- TASK STATEMENT -
Give every entry below again, exactly as written, and skip the images.

************

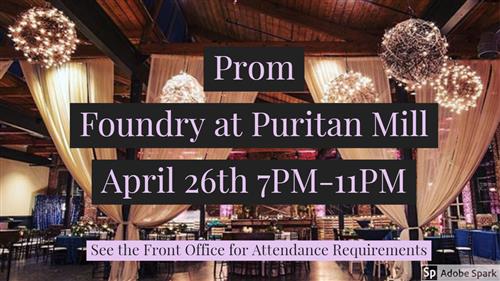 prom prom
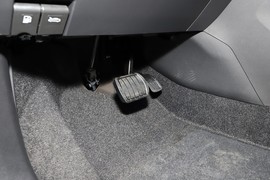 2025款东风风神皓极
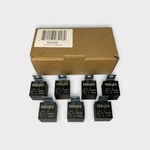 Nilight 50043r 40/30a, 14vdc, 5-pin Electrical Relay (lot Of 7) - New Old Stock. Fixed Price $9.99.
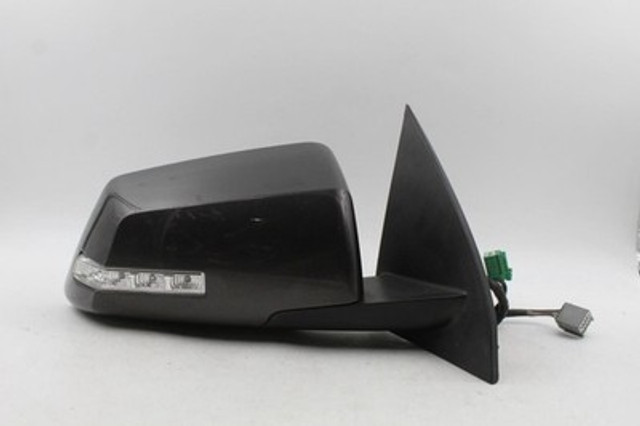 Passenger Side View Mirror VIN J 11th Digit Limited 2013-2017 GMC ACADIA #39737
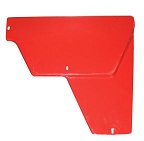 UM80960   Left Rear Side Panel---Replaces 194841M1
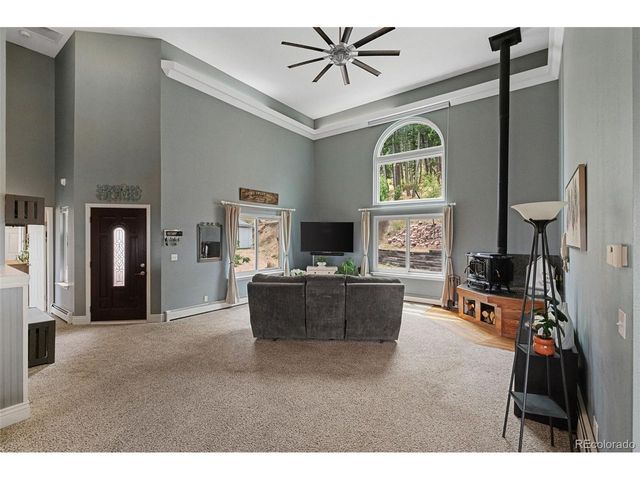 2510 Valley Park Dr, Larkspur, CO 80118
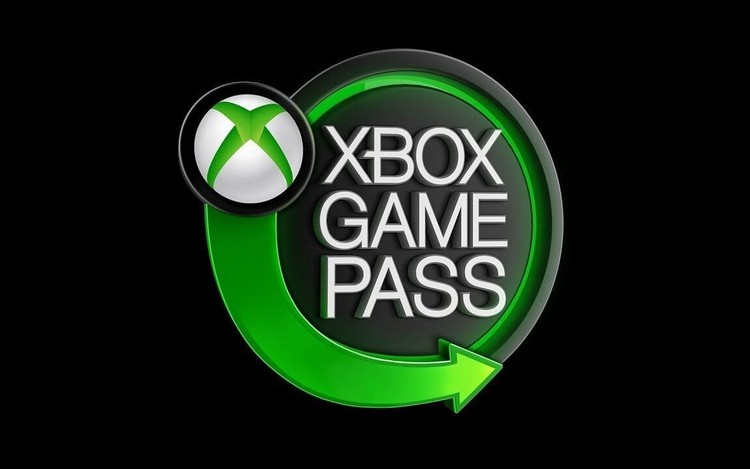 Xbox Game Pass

************

- WRITTEN SOLUTION -
 prom prom
 2025款东风风神皓极
 Nilight 50043r 40/30a, 14vdc, 5-pin Electrical Relay (lot Of 7) - New Old Stock. Fixed Price $9.99.
 Passenger Side View Mirror VIN J 11th Digit Limited 2013-2017 GMC ACADIA #39737
 UM80960   Left Rear Side Panel---Replaces 194841M1
 2510 Valley Park Dr, Larkspur, CO 80118
 Xbox Game Pass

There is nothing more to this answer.